Man criticises ambulance service after wife’s ankle break

PUBLISHED: 09:00 29 December 2010 | UPDATED: 11:30 29 December 2010

Hazel Cox shattered her ankle, but an ambulance wouldn't come out, husband Mike, had to drive her to hospital. Make sure you get plaster in shot. 2 Porlock Close, Coronation Est, WsM.

Hazel Cox shattered her ankle, but an ambulance wouldn't come out, husband Mike, had to drive her to hospital. Make sure you get plaster in shot. 2 Porlock Close, Coronation Est, WsM.


A WESTON man has rubbished claims by Great Western Ambulance Service (GWAS) that it is ‘coping’ with the wintry conditions after his wife had to wait almost two hours to get to hospital for treatment on a badly broken ankle.

Michael Cox said his wife Hazel smashed her ankle as she tried to get Christmas decorations down from the loft at their home in Porlock Drive, Weston.

And although a paramedic arrived, Mr Cox had to drive his 54-year-old wife to hospital himself after being told an ambulance could not attend because the injury wasn’t life threatening.

Mr Cox said: “I had just had an operation for a collapsed lung, and so obviously I didn’t want to go up in the loft looking for the decorations. I said to Hazel to wait, but she went up without me knowing, and fell.

“We knew straight away that she’d broken her ankle, and I managed to get her downstairs and called for an ambulance.

“We were told that as it wasn’t a life-threatening injury they wouldn’t be able to get an ambulance there for an hour-and-a-half.”

Mr Cox, 57, added that although a paramedic soon arrived to help with pain relief, when he too called for an ambulance he was told it would be another hour.

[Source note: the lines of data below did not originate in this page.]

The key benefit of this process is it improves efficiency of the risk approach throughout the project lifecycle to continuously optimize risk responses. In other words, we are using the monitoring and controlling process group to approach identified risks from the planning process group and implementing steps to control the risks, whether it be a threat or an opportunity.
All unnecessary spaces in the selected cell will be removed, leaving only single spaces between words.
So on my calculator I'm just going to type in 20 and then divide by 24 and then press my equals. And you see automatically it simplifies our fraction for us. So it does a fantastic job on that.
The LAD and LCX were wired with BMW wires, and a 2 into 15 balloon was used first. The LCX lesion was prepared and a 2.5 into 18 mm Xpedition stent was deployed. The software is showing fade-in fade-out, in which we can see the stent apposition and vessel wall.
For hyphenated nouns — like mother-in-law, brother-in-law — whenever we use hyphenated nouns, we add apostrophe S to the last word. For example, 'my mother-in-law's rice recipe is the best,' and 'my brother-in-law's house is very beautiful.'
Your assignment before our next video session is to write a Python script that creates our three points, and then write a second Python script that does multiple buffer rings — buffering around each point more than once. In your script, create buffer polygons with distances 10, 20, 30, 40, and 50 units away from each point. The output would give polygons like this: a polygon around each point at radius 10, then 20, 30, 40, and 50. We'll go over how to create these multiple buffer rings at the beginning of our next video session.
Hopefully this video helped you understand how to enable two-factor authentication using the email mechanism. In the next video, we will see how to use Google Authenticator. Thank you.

He said: “That would have meant waiting for two-and-a-half hours at least, and although the paramedic had given her some gas for the pain, that wasn’t good enough.

“I’ve got a Shogun, which is quite a big car and good on the icy roads, so eventually we put her on a computer chair and got her into the car, and took her to the hospital.

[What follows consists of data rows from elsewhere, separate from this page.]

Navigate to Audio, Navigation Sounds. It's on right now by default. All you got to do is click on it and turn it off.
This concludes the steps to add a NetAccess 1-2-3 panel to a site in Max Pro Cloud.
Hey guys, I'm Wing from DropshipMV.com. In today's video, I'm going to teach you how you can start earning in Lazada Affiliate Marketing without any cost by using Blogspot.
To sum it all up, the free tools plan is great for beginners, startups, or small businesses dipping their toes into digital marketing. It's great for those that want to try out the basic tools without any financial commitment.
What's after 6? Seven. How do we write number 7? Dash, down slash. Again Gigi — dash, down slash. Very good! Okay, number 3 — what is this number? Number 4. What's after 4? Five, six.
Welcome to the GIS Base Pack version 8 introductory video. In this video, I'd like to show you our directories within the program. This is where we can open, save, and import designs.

“She literally shattered her ankle, she’s going to be in plaster for another two months, out of work for six and she might never be able to walk properly ever again.

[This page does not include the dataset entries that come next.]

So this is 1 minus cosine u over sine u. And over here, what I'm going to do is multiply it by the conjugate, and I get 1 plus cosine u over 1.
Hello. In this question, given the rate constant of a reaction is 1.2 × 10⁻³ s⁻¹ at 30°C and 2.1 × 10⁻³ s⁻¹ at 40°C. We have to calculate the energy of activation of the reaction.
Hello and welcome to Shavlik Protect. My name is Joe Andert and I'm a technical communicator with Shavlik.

“When I read the comments by the ambulance service in the Mercury about how they had been coping with the freezing weather, it made me go red.

“To say that when you can’t get an ambulance to someone with a serious injury for two-and-a-half hours isn’t right.”

The comments, carried in the Mercury, were made by GWAS’s director of field operations Tim Stockings, who said the service was ‘better prepared than ever’ to meet the needs of anyone needing medical help in the icy conditions.

A spokesman for GWAS said: “We received a 999 call at 12.15pm reporting that a female had fallen from the loft at home.

“The call was correctly assessed as non-life-threatening and the caller would have been told that for incidents deemed non-life-threatening, an ambulance would not respond under emergency conditions.”